Which factors are the most important in determining the potential energy of a dam?

- Grade 10
- Thought Starter
- 25 mins

Review the concept of potential energy, then use this understanding to make reasonable predictions about the potential energy of two different hydroelectric dams.

**"****Potential energy review"**worksheet**-**one for each pair of students**"Predicting the potential energy of a dam"**worksheet**-**one for each student

- Review the concept of potential energy by having students work with a partner on the
**“Potential energy review”**worksheet and predict which cart has the greater potential energy at the top of the ramp. - After students share their thinking with the class, ask them to decide which of the following predictions is most reasonable:
**Prediction 1:**If the mass of Cart A is increased, it will have even less potential energy because the cart would move at a slower rate.**Prediction 2:**If the mass of Cart A is increased, it could have as much potential energy as Cart B.

- As students share their selections with the class, co-develop or introduce the criteria for a reasonable prediction:
- based on evidence (is the statement based on observable or measurable evidence?)
- logical relationship between the variables (does the statement reflect what we know about the roles that the variables play?)

- Encourage students to revisit their selection and use the criteria to affirm or refine their choice.
- After students share their decision with the class, inform them that they’ve just used the formula for how potential energy is calculated (gravitational P.E. = mgh).
- The cart example is similar to how hydroelectric dams transform the potential energy of water stored behind the dam into electric energy. In pairs, have each student use the
**“Predicting the potential energy of a dam”**worksheet to create reasonable predictions about the potential energy available to hydroelectric dams based on what they’ve learned. - Share predictions as a class.

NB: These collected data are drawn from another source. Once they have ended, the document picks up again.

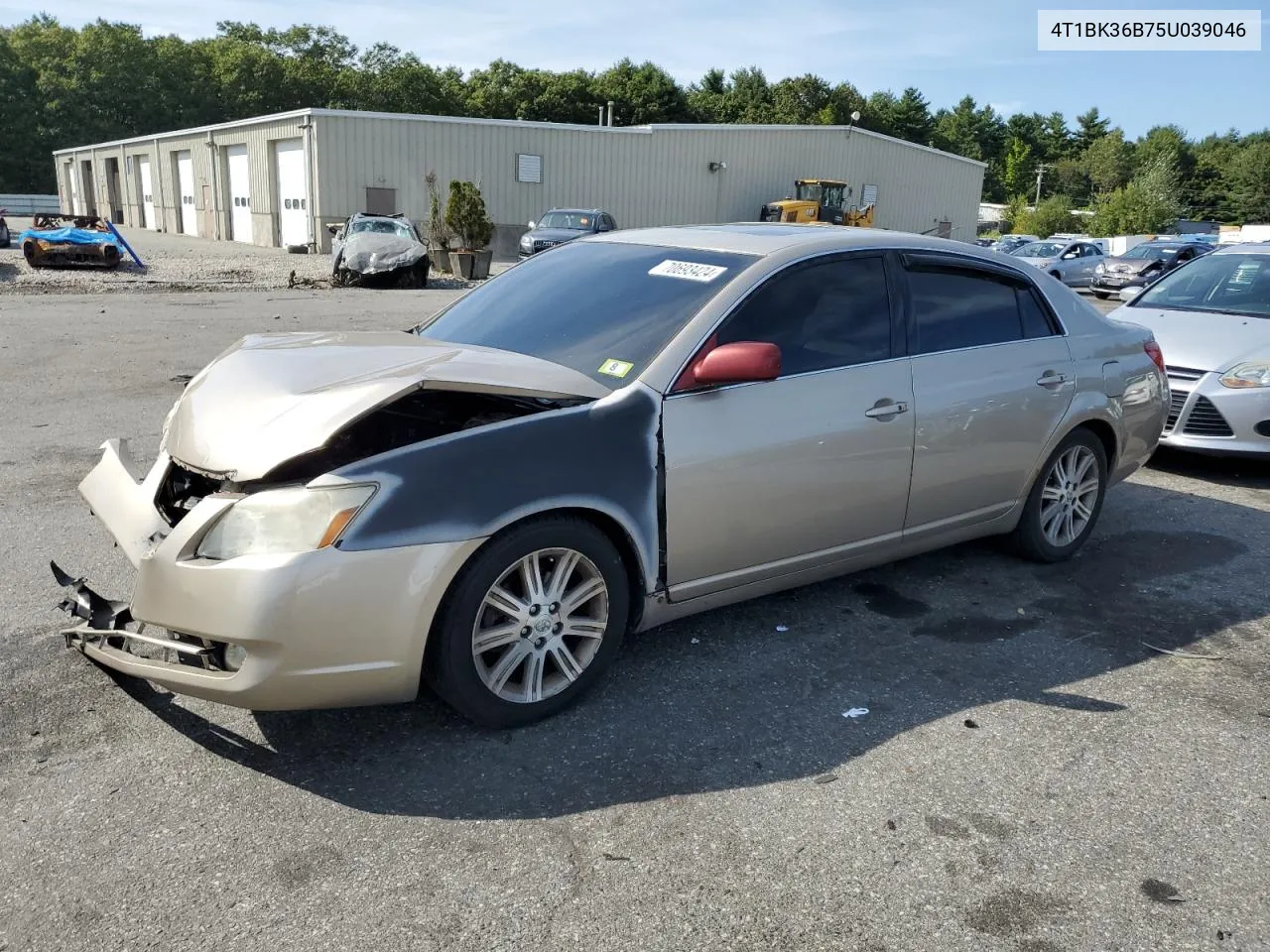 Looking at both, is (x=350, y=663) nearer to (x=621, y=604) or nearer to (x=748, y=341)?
(x=621, y=604)

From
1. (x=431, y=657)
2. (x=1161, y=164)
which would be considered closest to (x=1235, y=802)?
(x=431, y=657)

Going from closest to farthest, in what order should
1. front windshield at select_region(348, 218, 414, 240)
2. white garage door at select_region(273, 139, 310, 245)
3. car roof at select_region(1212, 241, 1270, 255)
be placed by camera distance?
1. car roof at select_region(1212, 241, 1270, 255)
2. front windshield at select_region(348, 218, 414, 240)
3. white garage door at select_region(273, 139, 310, 245)

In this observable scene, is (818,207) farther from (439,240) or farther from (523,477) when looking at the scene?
(523,477)

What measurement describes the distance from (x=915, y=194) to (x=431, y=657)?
49374mm

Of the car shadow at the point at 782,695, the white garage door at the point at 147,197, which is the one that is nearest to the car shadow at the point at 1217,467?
the car shadow at the point at 782,695

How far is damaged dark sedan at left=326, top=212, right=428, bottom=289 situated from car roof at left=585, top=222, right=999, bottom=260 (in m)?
17.4

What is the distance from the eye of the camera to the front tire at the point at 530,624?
10.2 feet

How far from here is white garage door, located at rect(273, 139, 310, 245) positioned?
34.2 metres

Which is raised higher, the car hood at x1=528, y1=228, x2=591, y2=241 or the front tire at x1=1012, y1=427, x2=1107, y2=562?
the car hood at x1=528, y1=228, x2=591, y2=241

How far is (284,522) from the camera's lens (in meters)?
2.89

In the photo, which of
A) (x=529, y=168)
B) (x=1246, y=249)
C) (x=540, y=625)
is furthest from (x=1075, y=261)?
(x=540, y=625)

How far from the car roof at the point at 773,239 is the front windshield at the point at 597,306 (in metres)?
0.08

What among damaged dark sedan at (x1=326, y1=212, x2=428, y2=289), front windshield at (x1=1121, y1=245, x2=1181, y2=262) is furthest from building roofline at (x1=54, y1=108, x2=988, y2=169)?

As students share, have them identify similarities between the cart example and how the potential energy of a dam is calculated.

- Assess students’ ability to work together cooperatively
- Assess each student’s and group’s understanding of energy types and transformations
- Assess each group’s ability to use criteria to make reasonable predictions about the potential energy of dams

- Show students images of hydroelectric dams in B.C. and ask them to predict which dams would have the greatest potential energy.
- If your students would benefit from a refresher on the various parts of a hydroelectric dam, check out "How dams generate electricity".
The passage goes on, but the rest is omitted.